Dois manifestantes que participaram dos atos na capital contra a política de Covid zero no final de semana disseram à agência de notícias Reuters que foram intimados a comparecer a delegacias para prestar depoimento sobre suas atividades nas manifestações.

Ainda não estão claras a forma como as autoridades identificaram esses manifestantes nem a possível dimensão jurídica desses inquéritos. O Departamento de Segurança Pública de Pequim não respondeu aos questionamentos da Reuters. Nesta terça-feira (29), um porta-voz da diplomacia chinesa afirmou que o exercício de direitos e liberdades está condicionado à estrutura da lei.

Grandes universidades da China, que concentraram alguns dos principais protestos desde o final de semana, suspenderam as aulas presenciais e mandaram seus alunos para casa. Segundo a agência Associated Press, a Universidade Tsinghua e outras instituições em Pequim e na província de Guangdong alegaram que a medida se deve a uma estratégia de contenção da alta de casos de Covid-19.

É fato que a curva de novas infecções subiu significativamente nos últimos dias, mas a decisão de mandar os estudantes para casa também é vista como uma tentativa de desmobilizar o ativismo nas universidades, historicamente uma espécie de incubadora de protestos.

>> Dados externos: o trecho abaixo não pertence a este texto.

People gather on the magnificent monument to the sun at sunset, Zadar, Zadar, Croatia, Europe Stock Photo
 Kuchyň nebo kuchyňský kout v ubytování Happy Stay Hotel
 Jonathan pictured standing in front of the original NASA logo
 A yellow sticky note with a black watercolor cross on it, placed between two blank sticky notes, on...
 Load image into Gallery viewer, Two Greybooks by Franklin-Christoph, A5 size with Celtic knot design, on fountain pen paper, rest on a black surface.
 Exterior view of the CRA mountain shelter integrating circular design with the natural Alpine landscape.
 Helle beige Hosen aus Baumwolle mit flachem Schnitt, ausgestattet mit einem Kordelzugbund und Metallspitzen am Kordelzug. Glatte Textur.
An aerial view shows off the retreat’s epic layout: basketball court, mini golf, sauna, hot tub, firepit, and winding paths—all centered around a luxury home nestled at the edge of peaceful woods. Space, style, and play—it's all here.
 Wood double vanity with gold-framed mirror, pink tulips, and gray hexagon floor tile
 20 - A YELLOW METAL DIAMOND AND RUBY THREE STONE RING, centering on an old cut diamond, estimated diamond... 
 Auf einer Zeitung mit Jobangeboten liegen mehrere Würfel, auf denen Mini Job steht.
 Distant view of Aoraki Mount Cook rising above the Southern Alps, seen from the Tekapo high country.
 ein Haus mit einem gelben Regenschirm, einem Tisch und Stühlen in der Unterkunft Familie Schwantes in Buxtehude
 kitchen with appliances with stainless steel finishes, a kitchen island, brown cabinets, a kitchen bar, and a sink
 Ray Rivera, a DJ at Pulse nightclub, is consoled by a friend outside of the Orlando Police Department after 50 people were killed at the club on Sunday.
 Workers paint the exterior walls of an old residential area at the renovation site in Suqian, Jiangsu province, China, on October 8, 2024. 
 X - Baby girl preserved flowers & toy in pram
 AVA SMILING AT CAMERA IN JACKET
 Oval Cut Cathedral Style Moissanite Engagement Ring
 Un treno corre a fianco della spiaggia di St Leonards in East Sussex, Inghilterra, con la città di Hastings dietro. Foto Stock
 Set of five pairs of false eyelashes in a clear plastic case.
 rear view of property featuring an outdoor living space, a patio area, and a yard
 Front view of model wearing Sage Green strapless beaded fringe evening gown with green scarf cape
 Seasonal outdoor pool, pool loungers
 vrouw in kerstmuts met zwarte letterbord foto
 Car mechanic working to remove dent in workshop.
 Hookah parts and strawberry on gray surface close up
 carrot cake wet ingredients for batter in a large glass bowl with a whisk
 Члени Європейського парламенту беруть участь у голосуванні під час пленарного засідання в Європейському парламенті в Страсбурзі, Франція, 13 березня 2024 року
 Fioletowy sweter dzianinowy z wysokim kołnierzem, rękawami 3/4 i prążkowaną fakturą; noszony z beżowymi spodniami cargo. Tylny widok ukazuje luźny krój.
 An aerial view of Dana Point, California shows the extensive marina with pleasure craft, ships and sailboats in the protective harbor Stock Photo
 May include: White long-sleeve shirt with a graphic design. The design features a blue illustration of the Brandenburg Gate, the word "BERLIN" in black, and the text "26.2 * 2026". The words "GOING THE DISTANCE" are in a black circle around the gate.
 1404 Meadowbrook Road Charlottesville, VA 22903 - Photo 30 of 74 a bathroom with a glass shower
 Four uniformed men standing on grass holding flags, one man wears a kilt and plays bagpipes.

A Universidade Tsinghua foi palco de uma manifestação no domingo (27). Começou com um gesto silencioso de uma estudante que levantou um cartaz em branco e, à medida que outros colegas se juntaram ao ato, reuniu cerca de 400 pessoas. No mesmo dia, o vice-secretário do Comitê do Partido Comunista na universidade foi ao local para encerrar o protesto, que durou pouco mais de duas horas.

Nesta terça, autoridades da instituição voltaram a se reunir com os estudantes para discutir as restrições ligadas à Covid. Alunos disseram ao jornal South China Morning Post que as medidas sanitárias foram o único tema do encontro, sem menções aos protestos ou indícios de responsabilização dos manifestantes.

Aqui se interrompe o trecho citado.